William Buckminster Lindsay, Jr, served as a Bishop's
Counselor for several years. His wife Julia labored seven years as President of the
Relief Society in Paris, Idaho, from February 1, 1872 to 1879, when a Stake was organized
and she was chosen to preside over the Stake Relief Society with Elizabeth Collings and
Hannah Bible as counselors.
William Buckminster Lindsay, Jr. was harassed in later years by the United States Marshals who were seeking out and arresting all those who had plural
wives. He used to slip over to his son George Edwin's farm, east of Bennington, to avoid
the marshals. Many of the polygamists would sleep out-side with their revolvers by them
He lived to the age of 67 and died January 3, 1889 in Paris, Idaho.
He and his three wives are buried in the Paris cemetery. Julia died December 11 1913;
Parmelia died August 16, 1899; and Sarah died March 5, 1911.
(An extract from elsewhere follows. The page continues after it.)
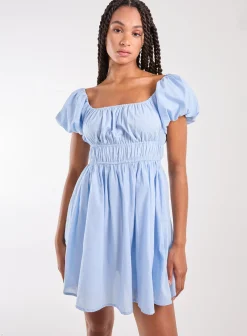 Puff Sleeve Mini Dress with Shorts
On May 30, 1949, Bishop William Lindsay of the Dingle Ward offered a dedicatory prayer
and an appropriate marker was placed at the head of the graves of
this faithful Latter-Day Saint and his three wives.
In all, twenty-six children were born to William Buckminster Lindsay, Jr. Of these
eighteen grew to maturity and are numbered among the branches of the family association.